Indian cinema going through a change: Aamir
Bollywood superstar Aamir Khan, whose recent films 3 Idiots and Peepli Live has hit the right notes with the audience, says that Indian cinema is going through a change and there is demand for varied content.bollywood Updated: Sep 20, 2010 18:38 IST
"I feel that Indian Cinema is constantly going through a change. Nothing is static. It is nice to see that the audience wants to see varied subjects and different kinds of movies," Aamir told PTI.
In London for the release on September 24 of Peepli Live, a political satire about farmer suicides in India, Aamir, who has produced the film, said it has done "really well" in India, USA, Middle East and Australia.
"I am happy with the way Anusha Rizvi has made the film. This is her first film as writer and director and I think she has been able to translate the script onto the screen very well," said Aamir.
Aamir, who made his directorial debut with Taare Zameen Par in 2007 and starred in a supporting role, said that the film was not expected to do well.
"That is a new phenomena. Ten years back you would not expect a film like that to do well," he said.
When asked whether it is the social issue or any particular message that drives him to do a film, the actor-director-producer replied in the negative.
While admitting that Peepli Live has a specific message, his next film Dhobi Ghat, written and directed by his wife Kiran Rao, has no message.
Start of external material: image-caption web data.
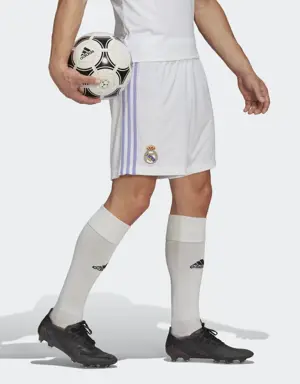 Adidas Calções Principais 22/23 do Real Madrid. 3 Adidas Calções Principais 22/23 do Real Madrid. 3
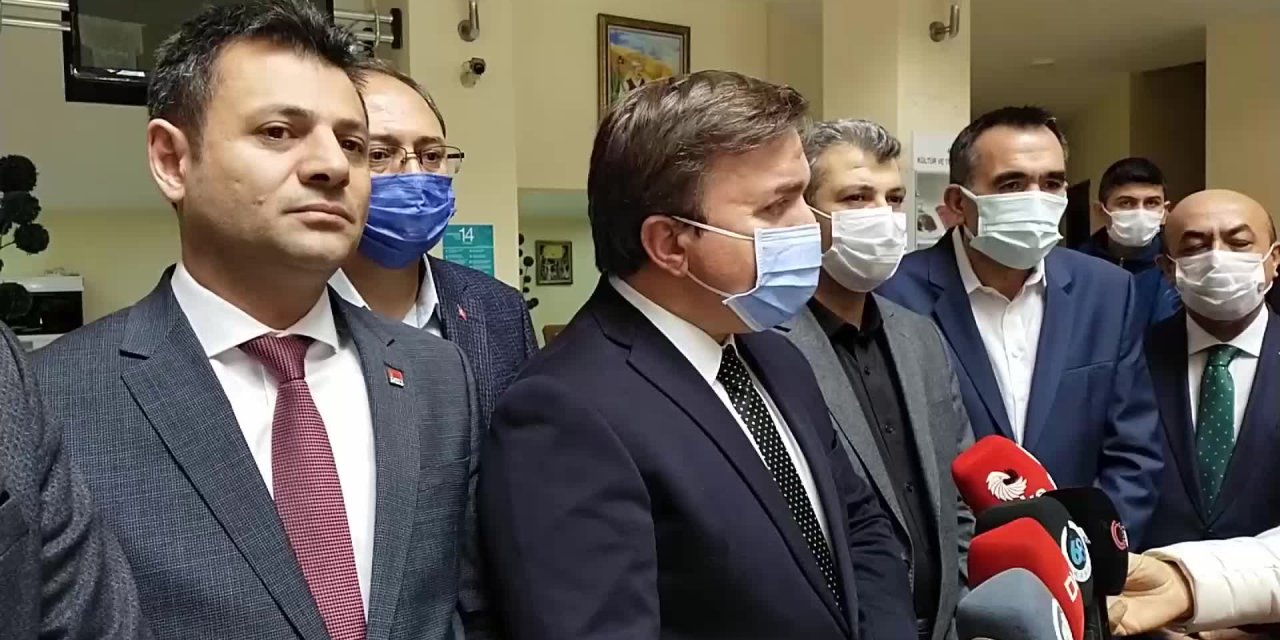 AKSARAY VALİSİ AYDOĞDU'DAN, "5. SINIF ÖĞRENCİSİNE ŞİDDET" AÇIKLAMASI: "SORUŞTURMA PAZARTESİ GÜNÜ TAMAMLANACAK"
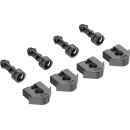 Spelsberg 72204401 Schnellverschluss-Set GEOS-S 3040/4030 SV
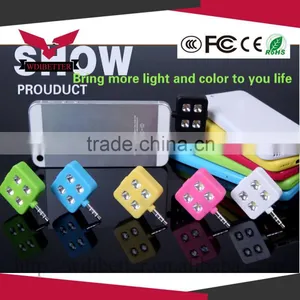 Portable LED Smartphone Flash For And Tablets With Mini USB Charging Port thumbnail-6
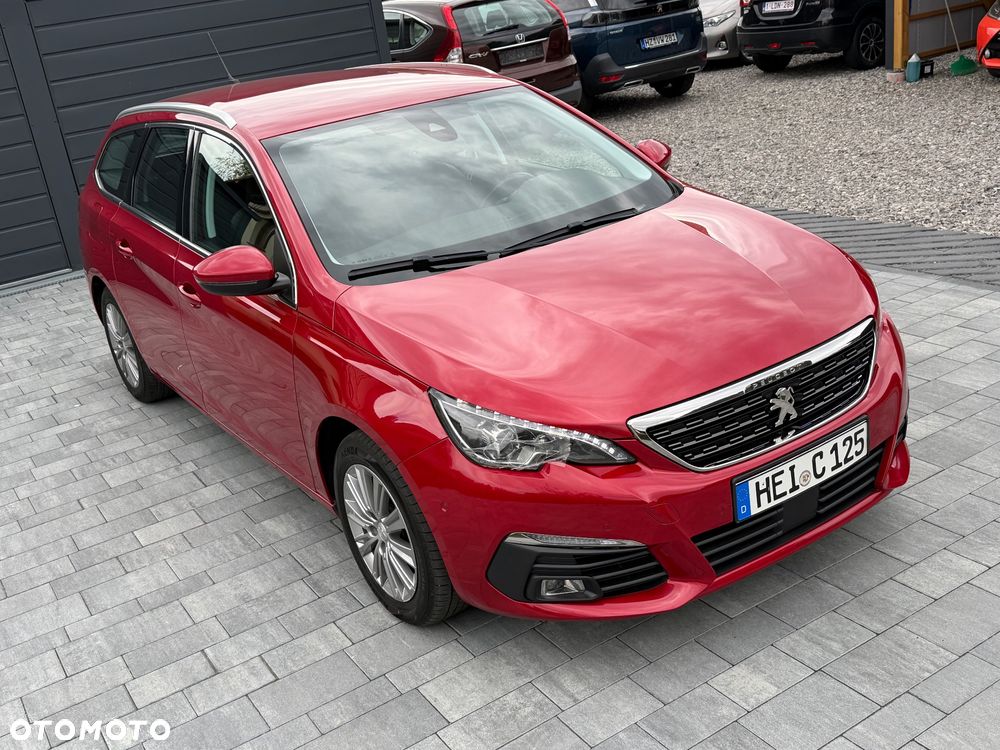 Peugeot 308 BlueHDi 120 Stop & Start Allure - 8
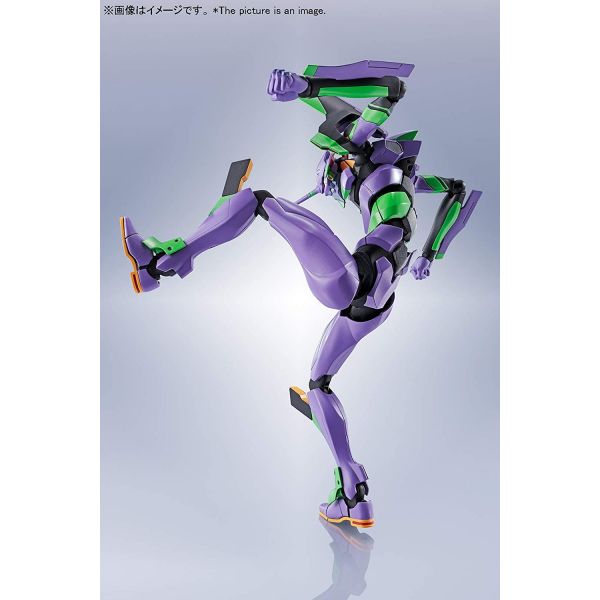 Robot Damashii EVA Unit-01 (Rebuild of Evangelion) Image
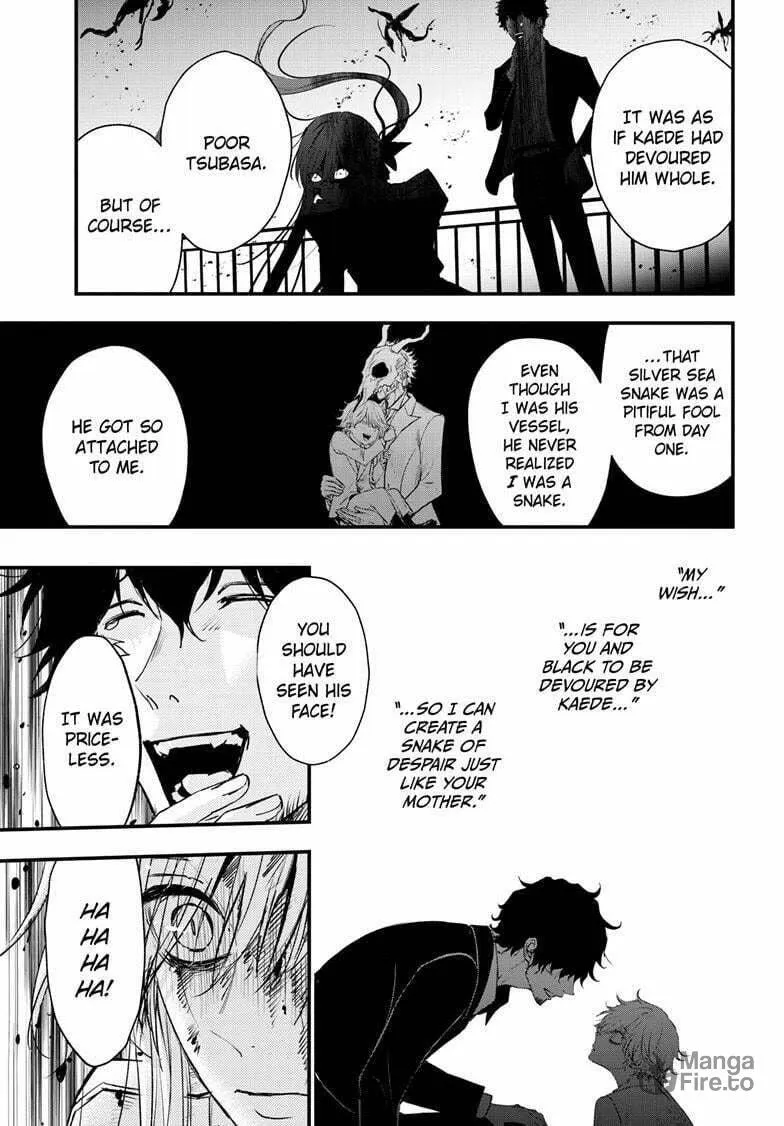 Read The Mind Sweeper chapter 106 image 4 on Lezhin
"It is just about the lives of people. Dhobi Ghat is about the life of four characters in the city of Mumbai and how their lives affect each other. It is also about the city itself which is the 5th character of the film. Again there is no social issue or message in it," said Aamir.
When a script is offered to the 45-year-old actor, it is important for him to react to it instinctively to be able to say yes to the film.
"Me being attracted to a script is a very instinctive reaction. When I am reading a script, I am like an audience. The script which touches me, moves me, makes me laugh or cry, enriches me in any way or I get excited, that is the kind of film I have been doing all along," said Aamir.
"Each film is an experience because I get to learn more. The field of film-making is quite fascinating. While producing Taare Zameen Par, I had to do a lot of research about education and children with learning disabilities," he added.
The actor further said that his 1998 film Sarfarosh, in which he played an honest cop engaged in fighting border terrorism, was also a learning experience.
"I came to know so much about the police force and their problems. We constantly complain about them but we don't understand what they go through," said Aamir, adding that he got superb feed back after the film's released.
"Every cop I met told me it is such an accurate story showing exactly what happens. At least someone is showing police in the proper light," said Aamir.
Similarly, after the runaway success of Taare Zameen Par, "the way parents and teachers reacted and the way the education system reacted was tremendous. There have been a lot of policy changes after that."
"That is what I like about cinema. You touch people's lives, you make them laugh, you make them cry, you make them think, you make them feel. I find that fascinating," said Aamir.